So sieht ein echter Schwarzer Lotus aus: Jan Humrich hält eine der extrem seltenen Magic-Sammelkarten in der Hand. Die Karte kostet schnell mehrere Zehntausend Euro und wird an einem sicheren Ort aufbewahrt.

Magic, Pokémon und Co: Die Liste an Fantasy-Kartenspielen ist lang. Jan Humrich aus Euskirchen zeigt, dass Fantasy-Spiele nicht nur was für Kinder sind.

Weltenwanderer, Spontanzauber, Artefakte, Goldene Regel, Power Nine, Lebenspunkte und Mana – alles vereint in Decks. Begriffe, bei denen Magic-Spielern das Herz aufgeht, der Rest aber irgendwie ratlos zurückbleibt.

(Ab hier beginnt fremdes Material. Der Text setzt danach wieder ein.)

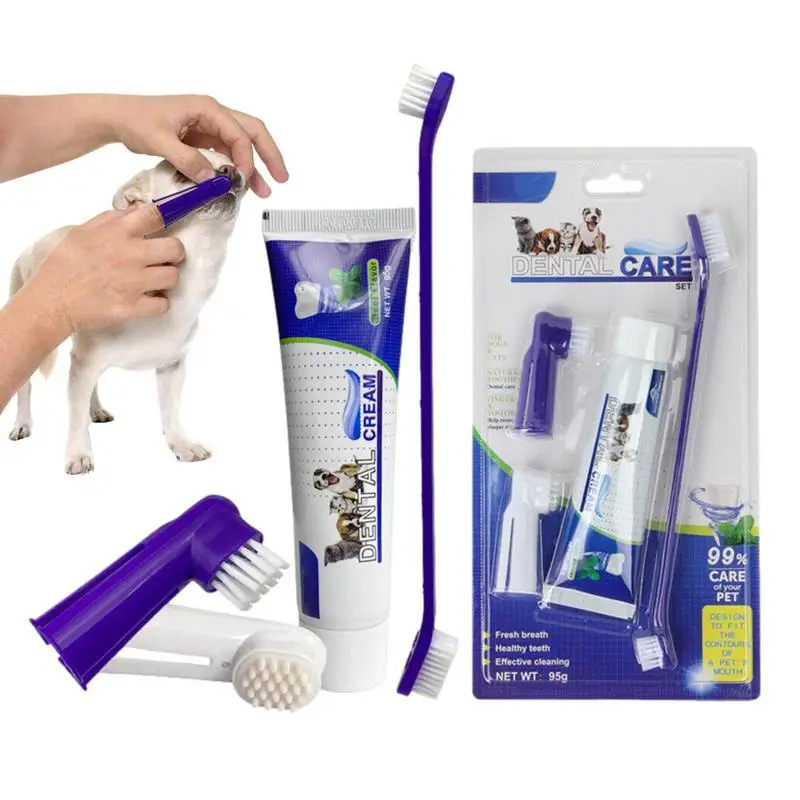 

Cat Toothbrush Puppy Kitten Tooth Brushing Essentials Pet Store Hospital Shelter Teeth Care Kit For Fresh Breath For Puppies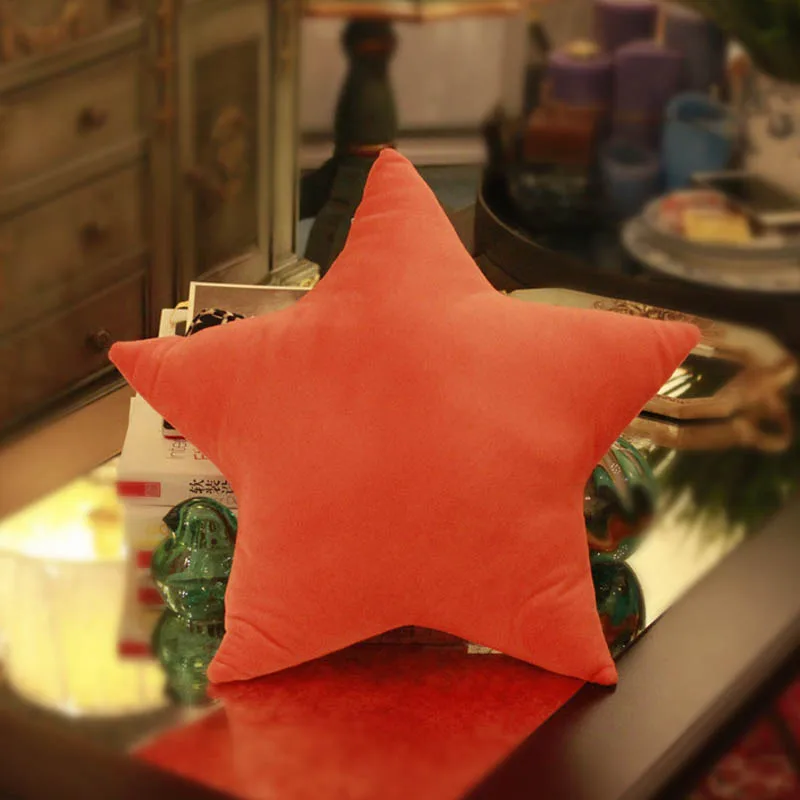 Мягкие красные/зеленые/розовые куклы DDWE в виде пентаграммы/Love плюшевые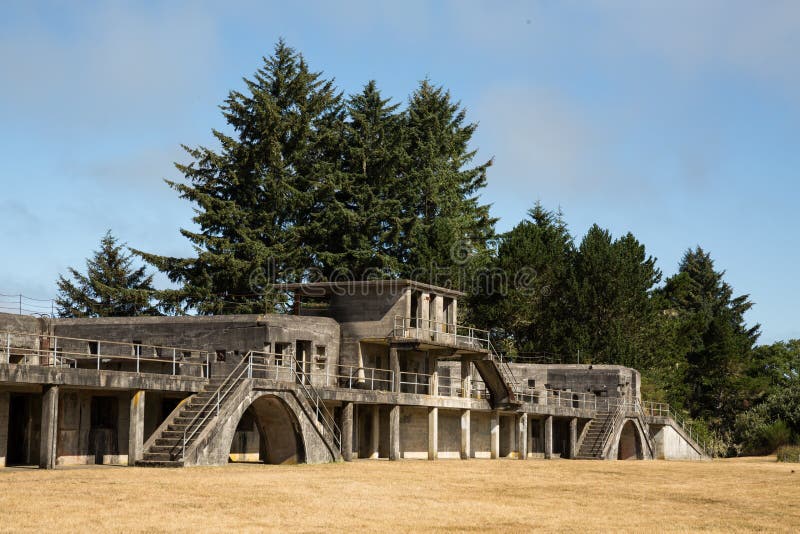 Russel Battery of Fort Stevens on the Oregon Coast Stock Image Image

Und dann ist da noch der Black Lotus. Die bekannteste Karte, des Fantasyspiels „Magic: The Gathering“, das 1993 auf den Markt gekommen ist. Sie ermöglicht es, ein Match im ersten Zug zu gewinnen. „Die Karte hat Kultfaktor“, sagt Jan Humrich.

Der 40-Jährige betreibt in Euskirchen an der Oststraße einen Fantasystore, hat Magic professionell gespielt und hatte zwischenzeitlich sogar mehrere Black Lotus in seinem Besitz. Heute ist es noch mindestens eine, die er an einem sicheren Platz aufbewahrt.

Euskirchen: Black Lotus als seltene Magic-Sammelkarte

Der Grund: Die Karte wird in einem guten Zustand in der Szene oder bei Sammlern gerne für an die 80.000 Euro gehandelt. „Vielleicht gibt es noch 150 Karten weltweit. In einem guten Zustand sind es vielleicht noch 20. So kommt der hohe Wert zustande“, erklärt Humrich.

Gespielt werden kann die Karte eigentlich nicht mehr. Nur in der sogenannten Vintage-Version von Magic darf sie sich im Deck, dem Kartenstapel, befinden. Doch Humrich hat nicht nur den Black Lotus, sondern die komplette Power Nine. Die neun stärksten und wertvollsten Karten im Magic-Universum. Verstaut sind die in zwei Koffern, ebenfalls an einem sicheren Ort.

Was ich Eltern immer wieder nur empfehlen kann: Schmeißt die Karten der Kinder, wenn der Speicher entrümpelt wird, nicht einfach weg.
Jan Humrich über das Fantasykartenspiel „Magic: The Gathering“

„Wenn man die verkaufen würde, würde man schon ein nettes Haus bekommen“, so der 40-Jährige, der mehrere Ordner voller Magic-Karten hat, von denen jede einzelne schnell einen Wert von mehreren Hundert Euro hat. Entsprechend bekommen Gleichgesinnte große Augen, als der 40-Jährige seine „Schatzkisten“ ausnahmsweise mal mit in den Laden gebracht hat. „Wow. Da bekomme ich Gänsehaut. So etwas sieht man nicht alle Tage“, sagt ein Stammkunde des Fantasystores.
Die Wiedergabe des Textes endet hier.